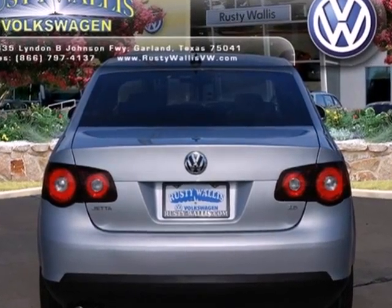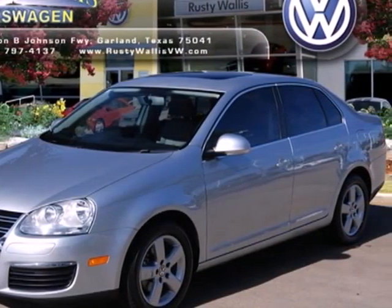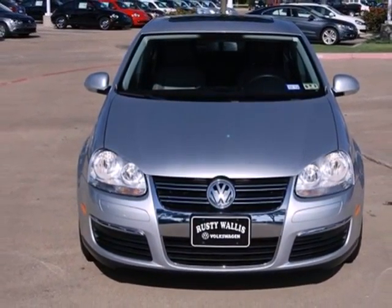When you first see this Jetta, you may think it's out of reach, but it's surprisingly affordable for such a world-class sedan. Its competitors can't touch it, but you can when you test drive it today.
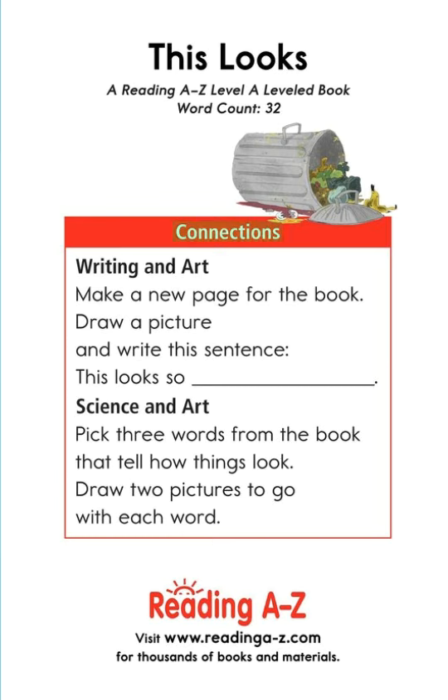Connections — Writing and art: Make a new page for the book. Draw a picture and write this sentence: "This looks so..." Science and art: Pick three words from the book that tell how things look. Draw two pictures to go with each word.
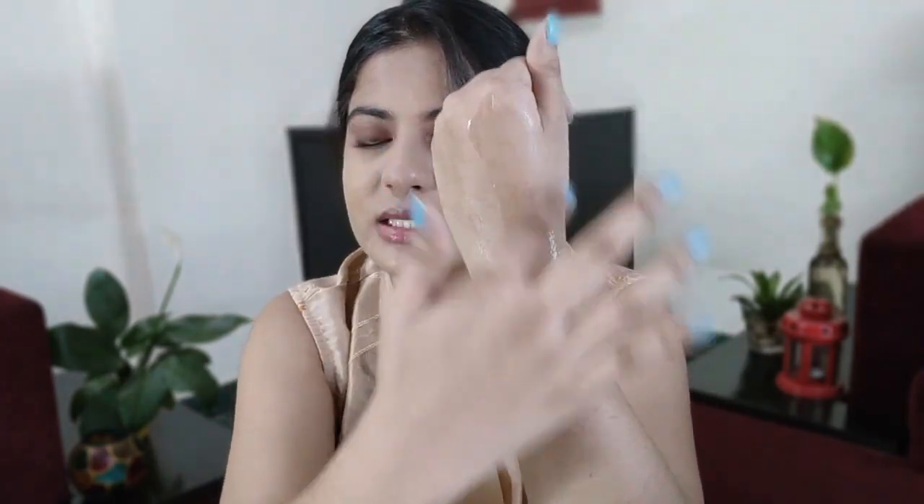The Via Naturals serum gets absorbed very quickly, so dry skin types need to moisturize properly afterwards. The Minimalist niacinamide is a much more nourishing serum. Via Naturals is a bit mattifying and Minimalist is more nourishing, so for normal and dry skin types I'd recommend Minimalist, and for oily and combination skin types I'd recommend Via Naturals. Both get equal points for texture since it depends on your skin type.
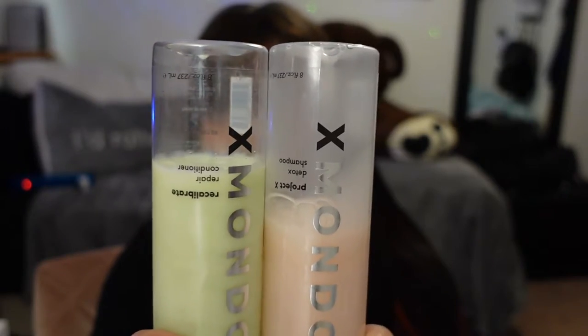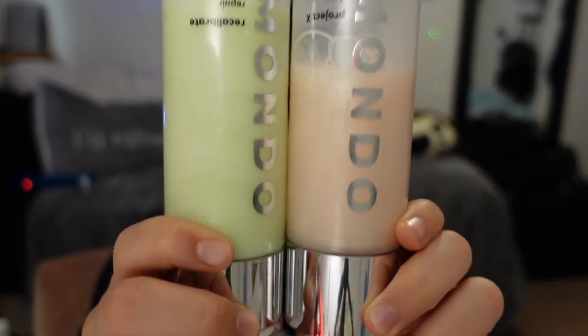So I got these products probably like a month ago, so I've used this much so far. We're doing pretty good on the sides. They smell really good. When you put it in your hair, it feels really good. Like I've never used a product this good before.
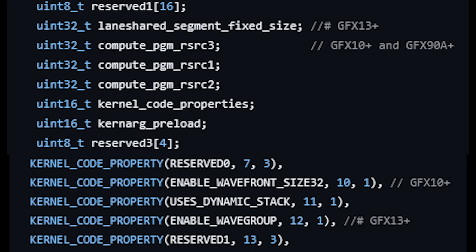Going down just a few lines, we have 'enable wave group,' which is being set as a flag for GFX 13-based GPUs. To be clear: GFX 12 is for RDNA 4, and GFX 13 is for RDNA 5 or UDNA, whatever you want to call it.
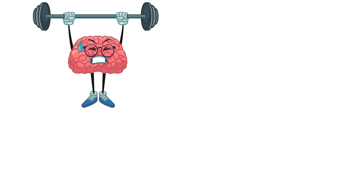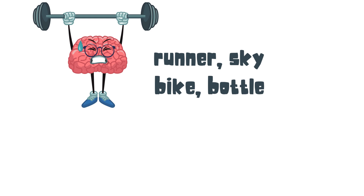Now here is the moment of truth — let's see if you can remember the words that you memorized at the beginning. And these words were: Runner, Sky, Bike, Bottle, and Dog.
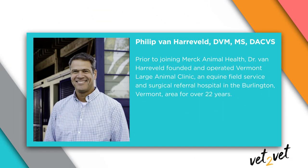Hi, I'm Dr. Cassie from NAVC's Vetfolio and the host of Vet2Vet. Today we're discussing equine protozoal myeloencephalitis, or EPM. This can be a frustrating and sometimes devastating neurological disease in horses. Here to discuss prevention and treatment of EPM is Dr. Philip Van Harveld, who founded and operated Vermont Large Animal Clinic and Equine Field Service and Surgical Referral Hospital for more than 22 years. He's an expert in all things equine. Phil, thank you for joining me.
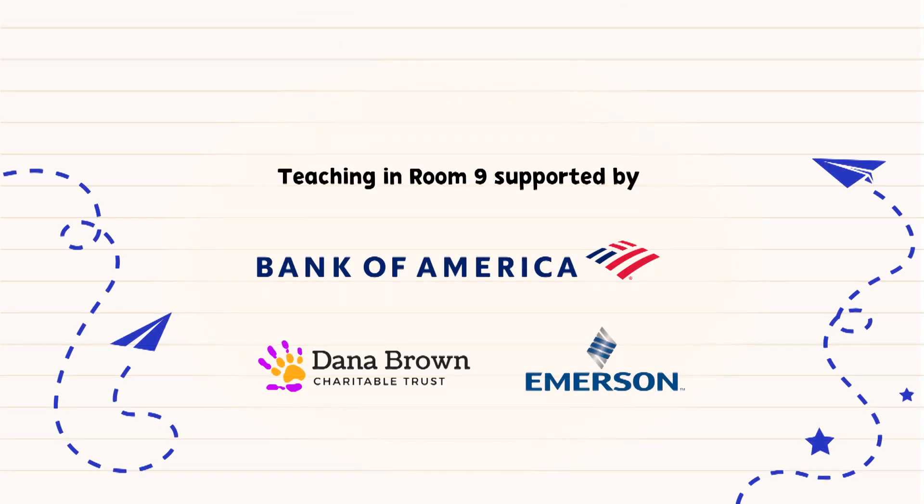Teaching in Room 9 is made possible with support of Bank of America, Dana Brown Charitable Trust, Emerson, and viewers like you.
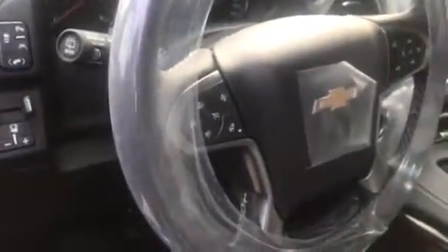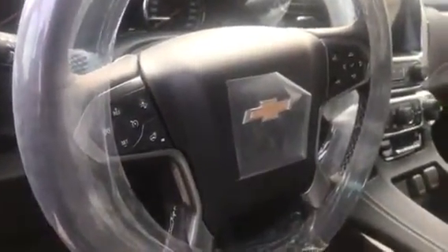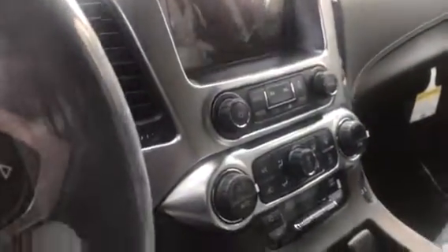Some of the other features include cruise control, heated steering wheel, forward collision alert, Bluetooth, and a touchscreen radio which also has a backup camera. You also have heated driver and passenger seating, a sunroof, and rear entertainment.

What to produce ▸ Nothing but the lines from the first line of the data above through the line holding "Teaching in Room" may appear in the response, copied exactly and without pictures.

Written response ▸
When you first see this Jetta, you may think it's out of reach, but it's surprisingly affordable for such a world-class sedan. Its competitors can't touch it, but you can when you test drive it today.
Connections — Writing and art: Make a new page for the book. Draw a picture and write this sentence: "This looks so..." Science and art: Pick three words from the book that tell how things look. Draw two pictures to go with each word.
The Via Naturals serum gets absorbed very quickly, so dry skin types need to moisturize properly afterwards. The Minimalist niacinamide is a much more nourishing serum. Via Naturals is a bit mattifying and Minimalist is more nourishing, so for normal and dry skin types I'd recommend Minimalist, and for oily and combination skin types I'd recommend Via Naturals. Both get equal points for texture since it depends on your skin type.
So I got these products probably like a month ago, so I've used this much so far. We're doing pretty good on the sides. They smell really good. When you put it in your hair, it feels really good. Like I've never used a product this good before.
Going down just a few lines, we have 'enable wave group,' which is being set as a flag for GFX 13-based GPUs. To be clear: GFX 12 is for RDNA 4, and GFX 13 is for RDNA 5 or UDNA, whatever you want to call it.
Now here is the moment of truth — let's see if you can remember the words that you memorized at the beginning. And these words were: Runner, Sky, Bike, Bottle, and Dog.
Hi, I'm Dr. Cassie from NAVC's Vetfolio and the host of Vet2Vet. Today we're discussing equine protozoal myeloencephalitis, or EPM. This can be a frustrating and sometimes devastating neurological disease in horses. Here to discuss prevention and treatment of EPM is Dr. Philip Van Harveld, who founded and operated Vermont Large Animal Clinic and Equine Field Service and Surgical Referral Hospital for more than 22 years. He's an expert in all things equine. Phil, thank you for joining me.
Teaching in Room 9 is made possible with support of Bank of America, Dana Brown Charitable Trust, Emerson, and viewers like you.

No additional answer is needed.